> Your instructions: Span requested from the data below: the line with "Страница 478 |" through the line with "第31话 是在说我吗？", both included. Give only these lines again, exactly, and leave every picture out.

____ Extracted information

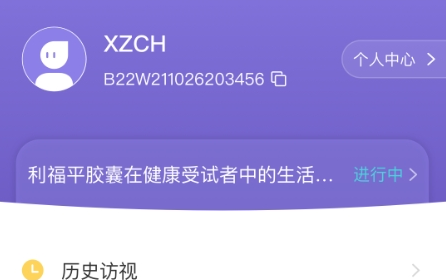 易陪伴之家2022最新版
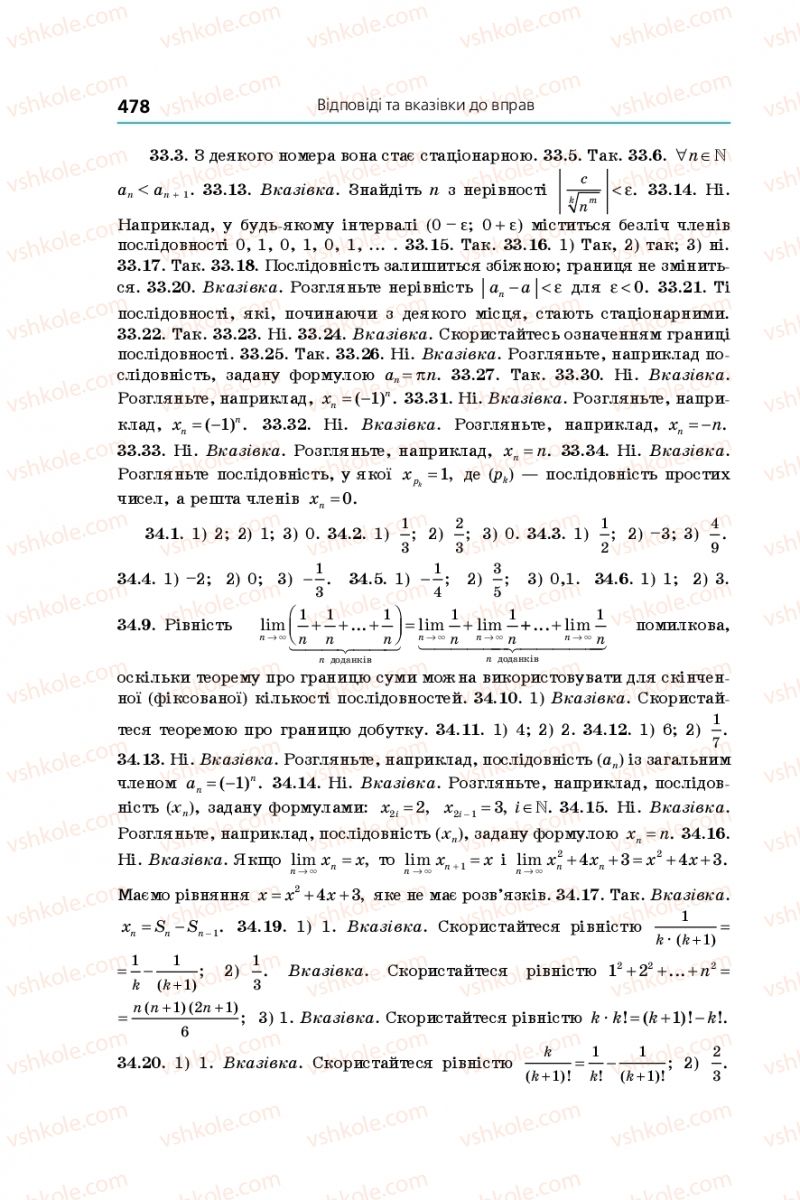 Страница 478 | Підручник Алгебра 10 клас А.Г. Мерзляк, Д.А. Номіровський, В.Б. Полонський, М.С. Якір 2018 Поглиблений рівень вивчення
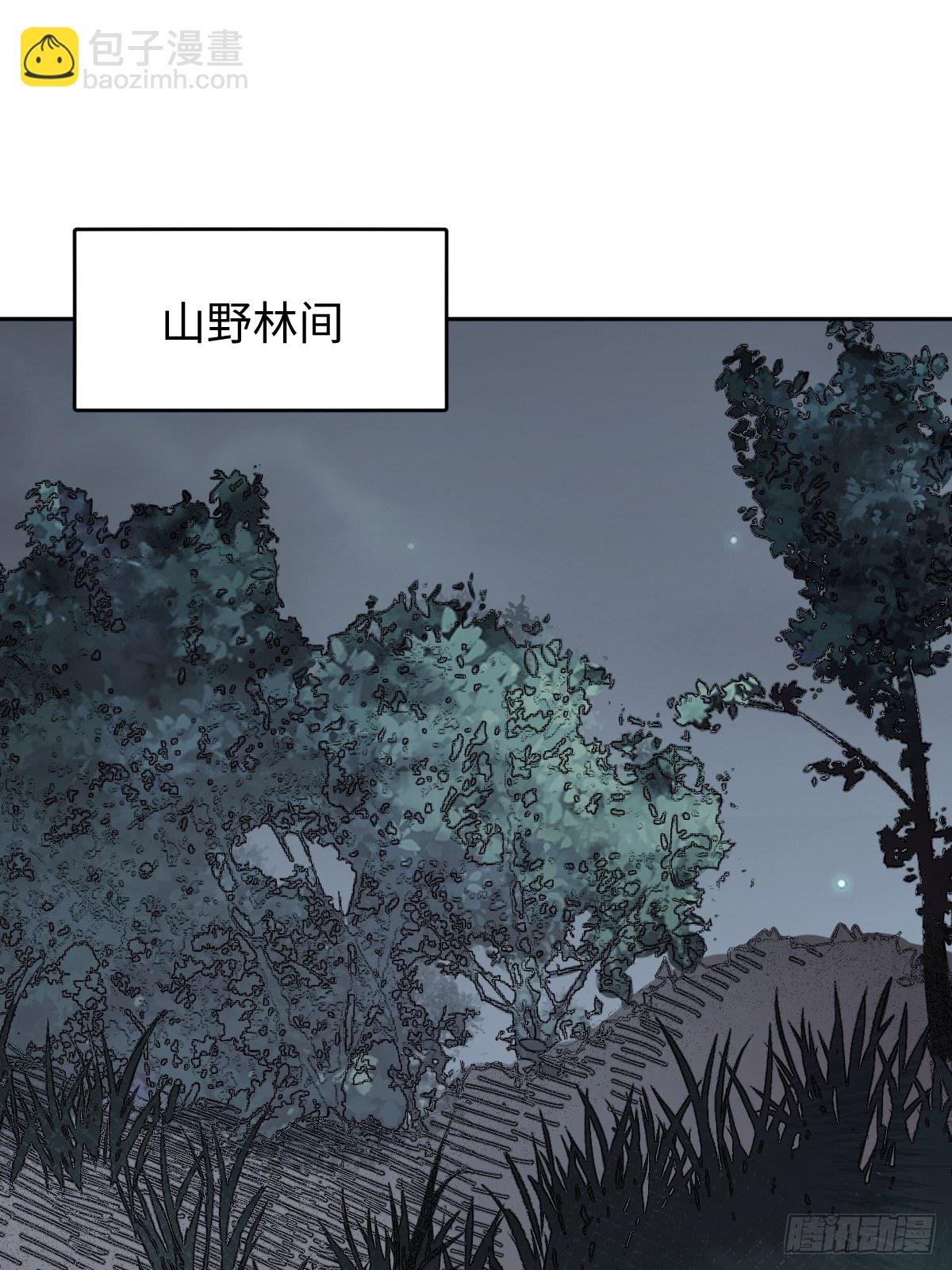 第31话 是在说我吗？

________
____ Extracted information

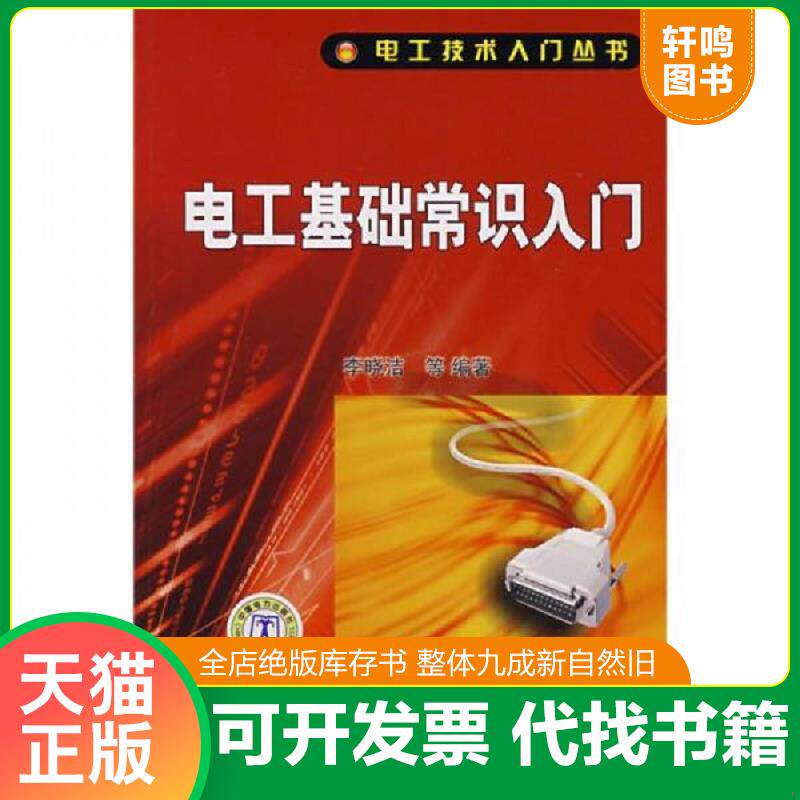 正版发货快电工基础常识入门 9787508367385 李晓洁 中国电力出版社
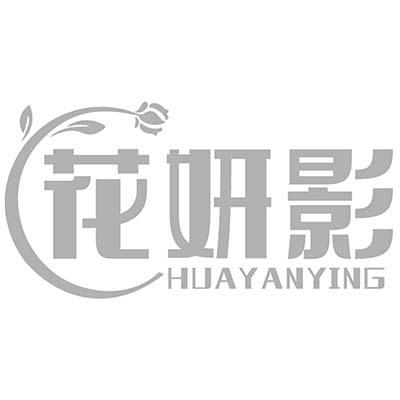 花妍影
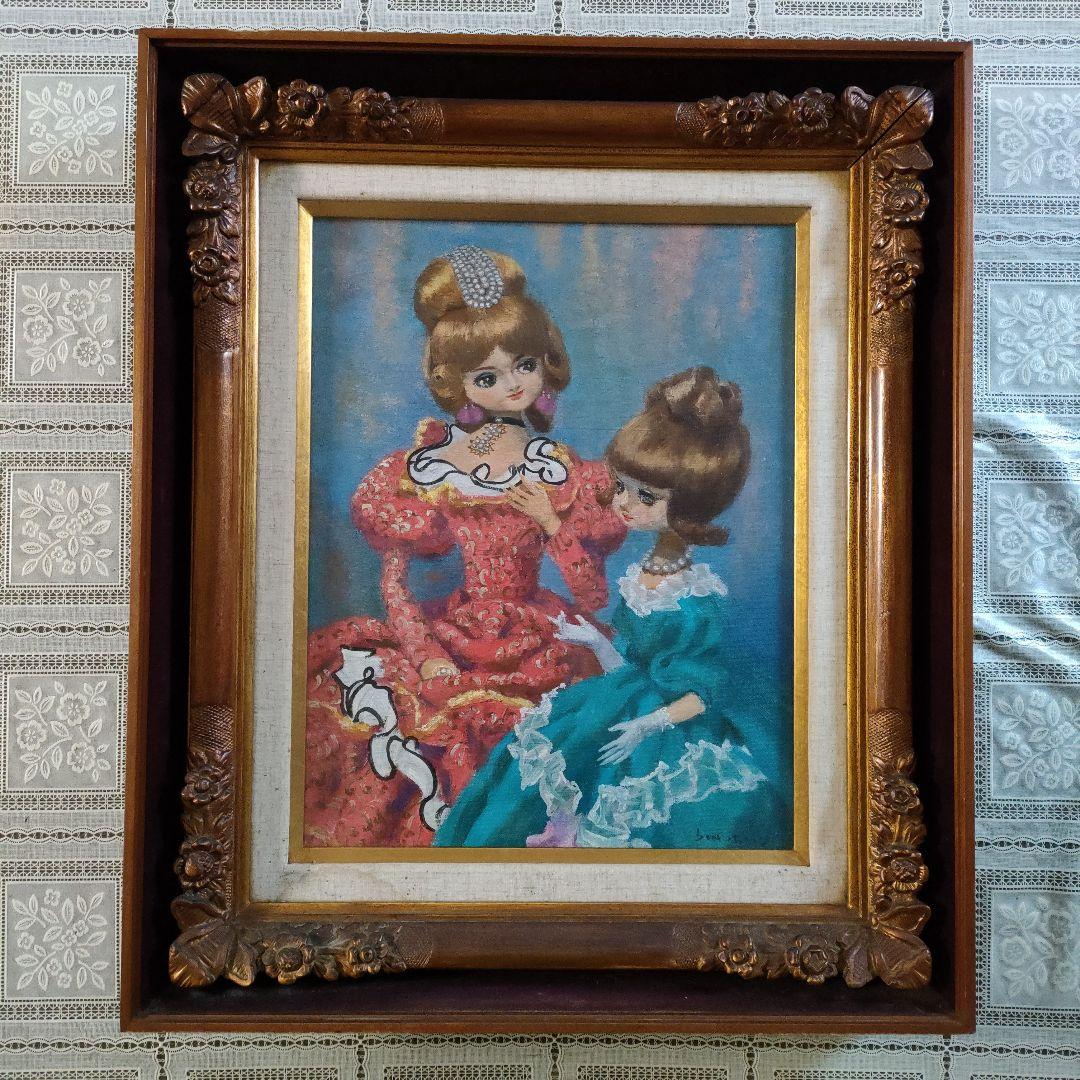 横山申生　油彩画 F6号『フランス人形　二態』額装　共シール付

________
____ Extracted information

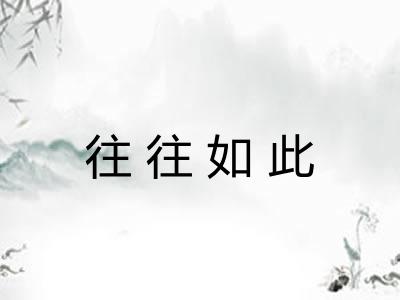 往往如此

________

> Solution to the problem:
 Страница 478 | Підручник Алгебра 10 клас А.Г. Мерзляк, Д.А. Номіровський, В.Б. Полонський, М.С. Якір 2018 Поглиблений рівень вивчення
 第31话 是在说我吗？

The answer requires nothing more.